Today I (God, for the unfamiliar) would like to tell you a hilarious story about a lot of misfits and how they almost got obliterated. The tale begins right at the tits… on the cliffs of the Barrier Peaks. Our heroes are presently drooling on themselves and staring catatonically at a floating monastery.
1: That the fuck is that thing?
2: Appears to be a cross between a sphinx and a winged hog
1: Well, it’s unnatural
Very unnatural indeed. This creature was a gynosphinx, with glowing blue eyes and some otherworldly technology embedded in it’s skull. When it caught sight of them, it began breathing heavily and whipping it’s tail around. Gooodit!
1: What should we do? Do you think it talks?
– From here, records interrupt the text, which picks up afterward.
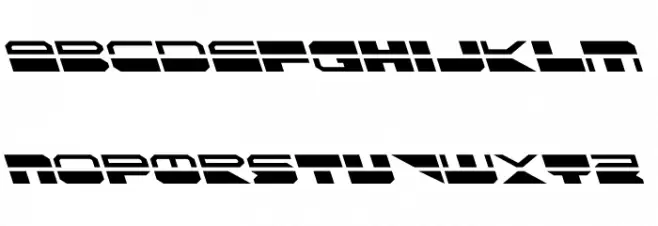 QuickMark Leftalic 字体 大写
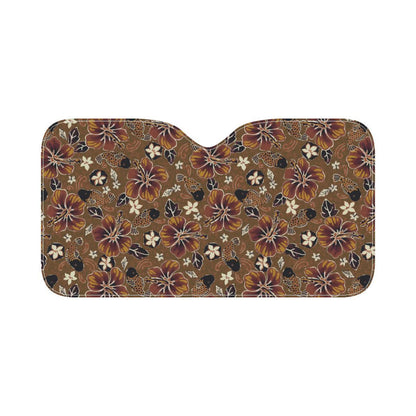 Hawaiian Themed Pattern Print Design H01 Car Sun Shade-JorJune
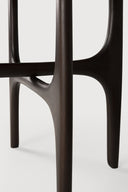 Mahogany Dark Brown PI Side Table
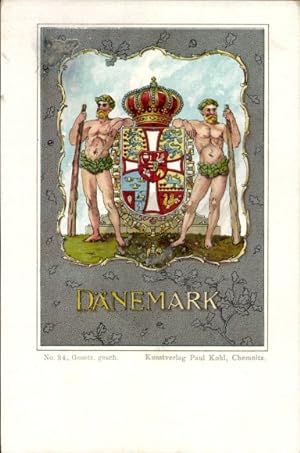 Wappen Litho Dänemark, Krone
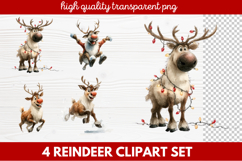 Whimsical Christmas Clipart | Cute Festive Holiday PNG Illus Product Image 1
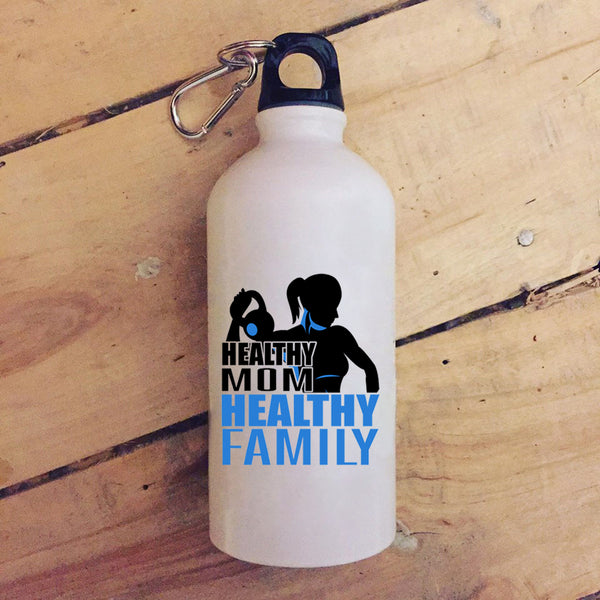 Healthy Mom Healthy Family 20 oz Stainless Steel Bottle,Best Gift For Mother's Day Outdoor Sports Water Bottle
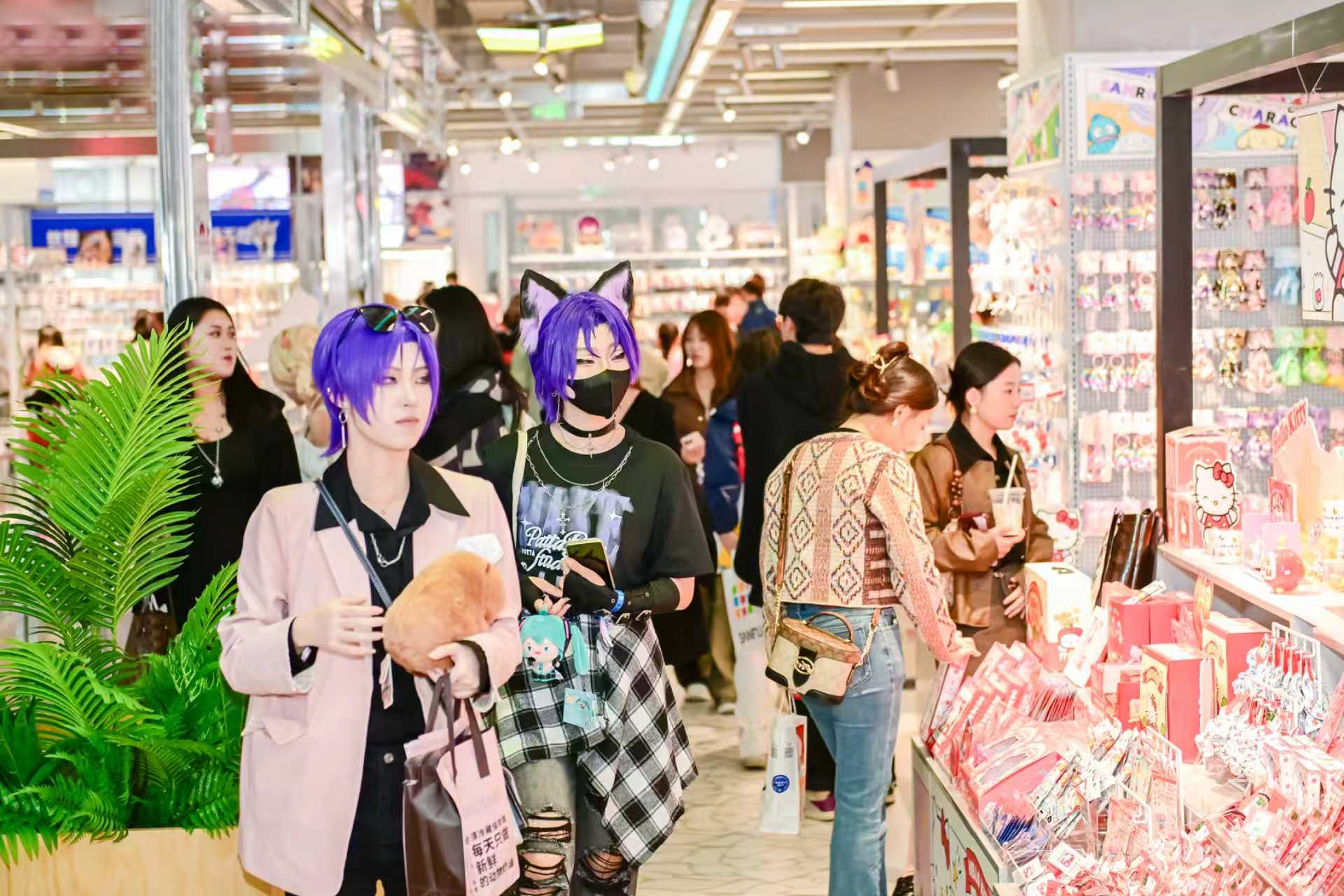 Trend retail and anime-related consumer space at HK01 Fashion Hall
GS: I speak many languages and I read lips. I can smell your fear, but my body is not half as formidable as my mind. Come fourth, travelers.
1: Well … it seems nice enough.
4: Poor little thing is dying for some attention.
GS. I am quite capable of destroying all of you, but I prefer a battle of wits. I challenge you each to pose a question that I cannot answer. If any one of you lot is successful, I will forego the toll and call for the ferry. If you all lose, you must pay.
1; Ok, question. What is all that shit stuck in your head?
4: to 1: You Bastard, I’ve got guts all over me and we are about to go into a monastery. What in the hell?
1: But did you die? No, the sphinx did, you’re welcome betch
2: Okay ladies… do you see that thing coming for us?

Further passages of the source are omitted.